A. Hydrothermal Vent Fields
These conditions can be found for instance in regions where
hydrothermal vents are present. For a future exploration of
these regions, it would be of interest to investigate different
colonisations with organism depending on the environmental
conditions. Typically, in hydrothermal vent regions mussel
banks and colonies of tube worms are found in regions close
to the orifices of the hydrothermal vents. A specific task for
the robot team could be to investigate these regions with
hydrothermal vent activity. The free swimming AUV could
be used to make a general survey of the region and to identify
sources of hot water outflow. After that, the bottom bound
robots will be released to spots of interest and will start
evaluating the region. The collected information is collected in
a central controller and will be updated permanently during the
mission. With this information available for all three types of
robot, a more focused investigation of the area will be started
by redirecting the robots to points of interest or areas where
temporal intermittent events occur (geyser). The cooperative
approach therefore will allow for a flexible strategy to investigate a region of high variability. To investigate biological
phenomena, it is necessary to address the issue of the changing
morphology of the seafloor. Some organism can only survive in
a well protected environment which could mean rough terrain.

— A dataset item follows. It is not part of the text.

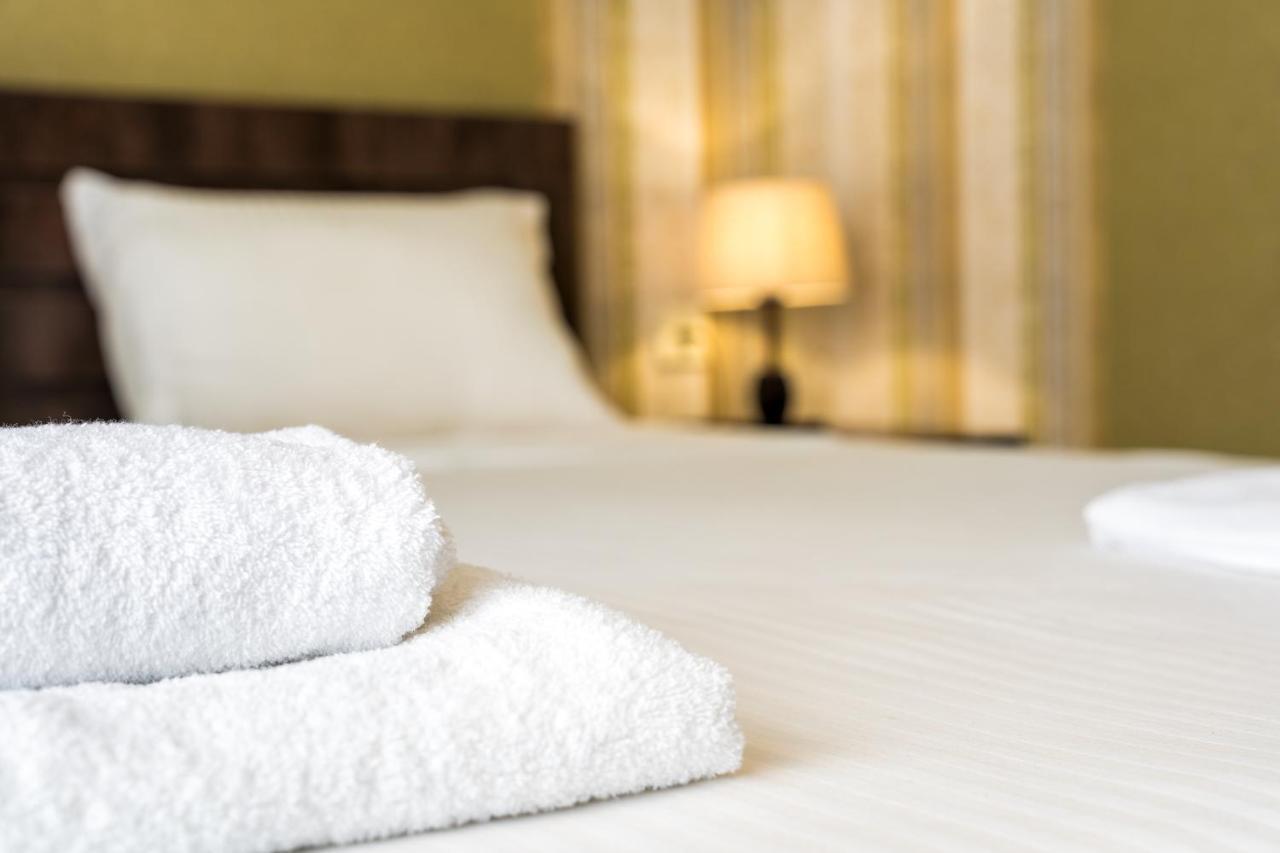 Georgian House Hotell Kutaisi Eksteriør bilde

Others like bacteria or musseles are often found in large
communities covering more flat terrain. The differing scale
coverage of the robots therefore can be used to investigate
differing phenomena while integrating common parameters
like for instance currents into the overall picture.
B. Under Ice Exploration
Ice shelves are one of the most inaccessible and most poorly
known environments on earth. Knowledge of these regions is
fundamental to the understanding of issues such as the role
of the ocean in climate change, ice melting, and the biology
beneath the ice shelf. Ice shelves are the floating edges of ice
sheets that cover Greenland and Antarctica. These ice sheets
contain 77 per cent of the world’s freshwater. Ice shelves have
sea water cavities beneath them that open to the ocean at
their edges. These cavities may be several hundred kilometres
long, with water several hundred metres deep under ice up
to a kilometre thick. To be able to investigate these huge
structures, new concepts have to be developed that necessarily
have to utilise autonomous agents. A concerted deployment
of heterogeneous, autonomous, mobile robots is attractive to
address the above mentioned issues of scientific investigations
because they allow for a flexible and targeted observation
strategy over long time periods. Beside the topography of
the sea floor below the ice, the structure, thickness and the
detailed topography of the bottom side of the ice cover,
the colonisation with organisms and the feedback between
biological and physical processes are scientific objectives of
paramount interest. The investigation of long term changes
of this sensitive environment and its causes will result in
a better understanding of the impact of climate changes on
the entire system. Possible application scenarios could be the
deployment of the AUV AUTOSUB again to conduct site
surveys to find regions of interest and acting as a central relay
station for communication purposes. The other two vehicles,
C-MOVE and SCORPION, can be deployed directly under the
bottom side of the ice shelves to be able to access particular
regions that appeared important from the AUV survey.
V. C ONCLUSION
After outlining and discussing the difficulties and the
possibilities of future cooperative underwater robotics, recapitulating, we see a high potential for transferring ideas
on cooperative robots into the field of underwater robotics.
Especially, because of the high uncertainty of sensor measurements in underwater environments, techniques of cooperative
probabilistic mapping approaches are very likely to improve
the correctness of self localization algorithms significantly.
Furthermore, heterogeneous robots allow to access new areas
of high scientific or commercial interest. Thus we believe
that it is worthwhile to pursue these ideas and we plan to
implement these with the above described robotic systems.
As a first step, we will implement a simulation for further
evaluation of the foreseen application scenarios.